劉飛
1925年10月8日出版的《國大周刊》第一期刊有王力先生《本校成立緣起及今后之希望》,是他對當時新創辦的上海國民大學成立緣起之介紹,以及對學校當局八點希望的闡述。就目前所見,這篇文章系王力先生公開發表的第一篇文章,具有極其重要的文獻價值,同時對恢復王力先生早期行實,認識其早期教育思想和二十世紀二十年代中國高等教育都頗有意義。該文未見于山東教育出版社《王力文集》與中華書局《王力全集》,茲將全文照錄如下(為盡可能保留原貌,標點一仍其舊,唯原文漫漶不清處以“□”代替):
中華民國十四年七月三十一日下午,清室善后委員會檢查清宮,發現江氏致金梁請覲溥儀函二,有用非常之才以應非常之變等語。初,江氏嘗自稱社會黨首領;上海專科大學學生慕其名,迎為校長,易校名曰南方。至是,諸生聞江請覲事,皆大憤,通告天下,撤銷其校長職權;并請教職員組織校務維持會,董理校事。當是時也,諸生坦然,不防江氏之肆毒。不數日,江氏出京南下,率眾據校,辭退教職員十四人,開除學生十余人。當是時也,師生又坦然,不愿與江氏較得失。于是校務維持會諸先生別立國民大學,以納南方大學離校之學生。學生中雖有不甘退讓者,然諸先生詔以讀書為重,勿與小人爭而誤韶光,則皆唯唯而從眾。一德一心,而吾校之根基以立。章先生太炎,國之鴻儒也;年老不任事久矣。吾校方籌備時,請先生任發起,則欣然承諾;及成立時,舉先生為校長,又欣然承諾。吾以是推知天下之士愛吾校如章先生者,實繁有徒。社會之屬望彌殷,則吾校之責任愈重。受激之深如彼,責任之重如此。然則兢兢業業,毋怠毋荒。認定鵠的,勠力以赴:吾人容自己乎。
吾述成立緣起既竟,茲將余所希望于本校者,分條論之:
(一)注重人格教育也。天下學校,雖曰皆宜注重人格教育,然未有專以人格為標榜者也。吾校為爭人格而起,標題何其堂皇正大!今后吾人自當相勖保存人格,以期不背宣言。而學校當局,尤當以養成學生之高尚人格為職責;管理不可不嚴,訓迪尤宜懇摯。而身為教職員者,更當以身作則,勿使德行有虧。此吾校最要之宗旨,應共矢勿渝者也。

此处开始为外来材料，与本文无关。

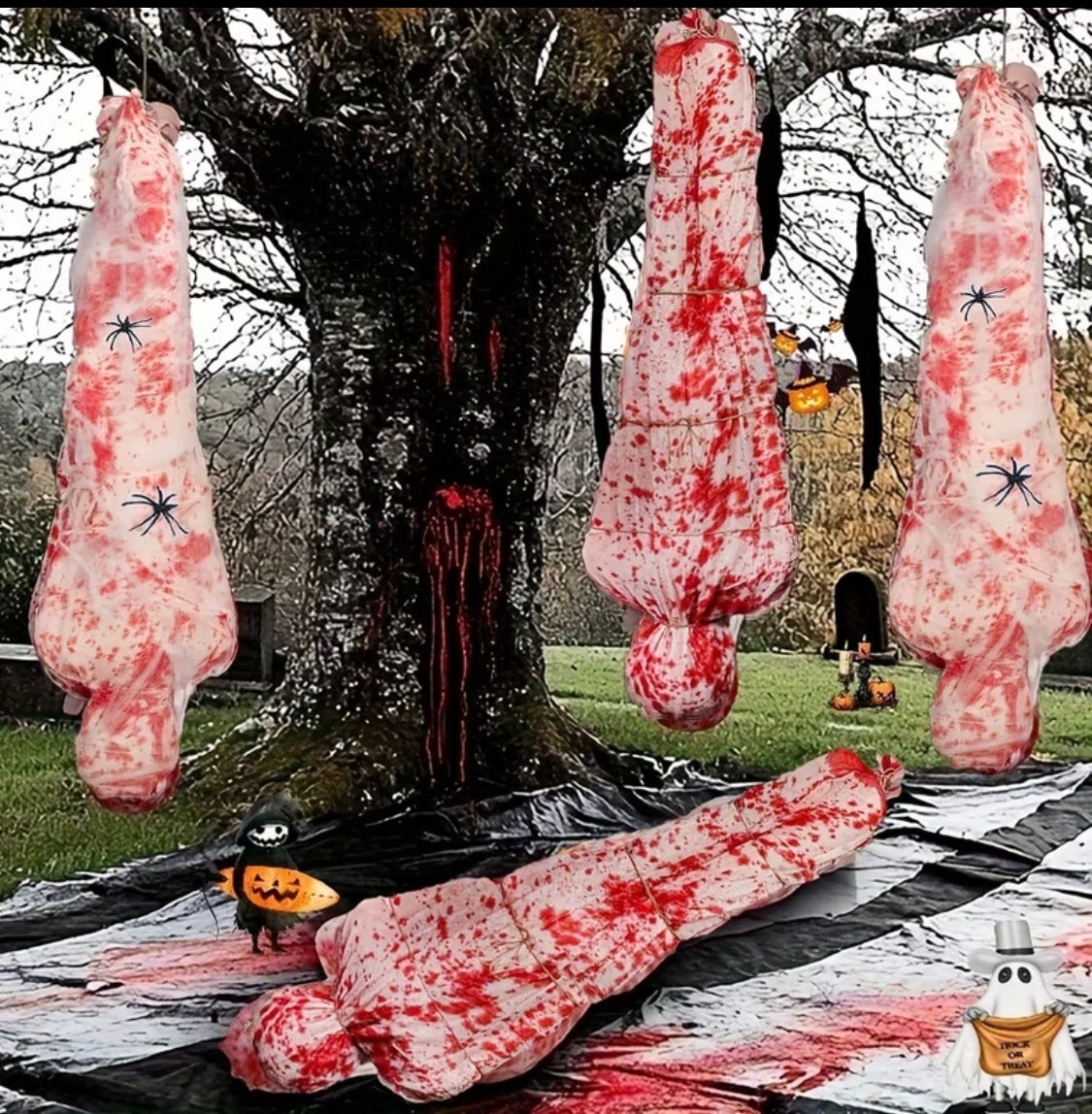 3-Pack 5-Foot Hanging Zombie Decorations - Outdoor Halloween Mummy Props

(二)籌足經費也。經費為學校之要素,人莫不知。私立學校之不及國立者,即經費之關系也。吾校經費之急需籌資者,首為建筑費,次為基本金。建筑校舍,所費不貲;而當務之急,又必不可緩。籌措之法,一曰募捐,二曰借助于資本家。茍尚差一萬數千元,似可由教職員與學生□資湊足。此關建設大計,非管見所能詳及。

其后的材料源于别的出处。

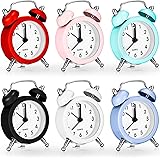 6 Pcs Mini Twin Bell Alarm Clock 2 Inch Battery Operated Loud Alarm Small Retro Vintage Travel Clock with Stereoscopic Dial f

(三)嚴格取錄新生也。邇來私立大學,風起水涌;招徠士子,來者不拒。入學考試,僅具形式,榜登竟無名落孫山者;無怪乎社會無信仰之心,教部有取締之令也。嘗謂招考新生,資格不妨稍寬,而程度則不可不嚴為甄別。資格可偽,而程度不可偽。故復旦大學許舊制中學畢業生投考本科;而清華國學研究院許研究國學有心得而無資格者應考,皆知資格不足為標準也。惟程度則甚有關系:若甄別不嚴,隨意收容,他日諸生程度不齊,難以施教,其害不小也。夫甄別不嚴,無非欲多收學生,多得學費;而不知事有大謬不然者。蓋多收低能生,即難得社會之信仰。每見鄉老相與談曰:“吾鄉某兒,中文不能成短札,西文不能諳文法,竟能考入某大學;可見此校之不良,我家兒不令入也。”又嘗聞學界相與談曰:“某生畢業于某大學,其成績之劣竟如是!”又嘗聞學校當局語人曰:“某大學四年級生,僅能考入北大一年級,可笑執甚!”據此可見社會心理之一斑。學生愈濫收,社會愈厭惡,士子愈益裹足不前。本欲以是招徠學生,適足以敗名譽,而學生日益少,豈非所謂作偽心而勞日拙者耶。吾校新立,慎始關微,不可不予斯三致意焉。
(四)嚴格考試也。余素主張廢考,以謂考試不能得正確之標準;不如不試,俾學生自由研究之為愈也。雖然,不考則可,考而不嚴則不可。夫考試之謂何?豈非欲知學生之成績耶,若不嚴格,則真成績不可知,而升級降級皆無所據;此亦關于學校名譽者也。
(五)多聘良教授也。不善為學者,擇校舍之輝煌;善為學者,擇教授之博學。嘗謂中學以設備為重,大學以教授為重。吾輩負笈萬里,有二大希望,而校舍之巨麗不與焉。一曰,圖書多;二曰,教授好,如是而已!所謂好教授者,非以其有博碩之名也;亦非以其有飽學之譽也。有博碩之名,貴乎能副其實;有飽學之譽,貴乎誨人不倦。否則雖完全博士,而多無實學,則學校無所用于偶像;雖人人飽學,而多怠于教,則彼自飽學,于學生無關。故良好教授之標準,嘗以博學善誘為衡;道德次之;名譽抑亦末已。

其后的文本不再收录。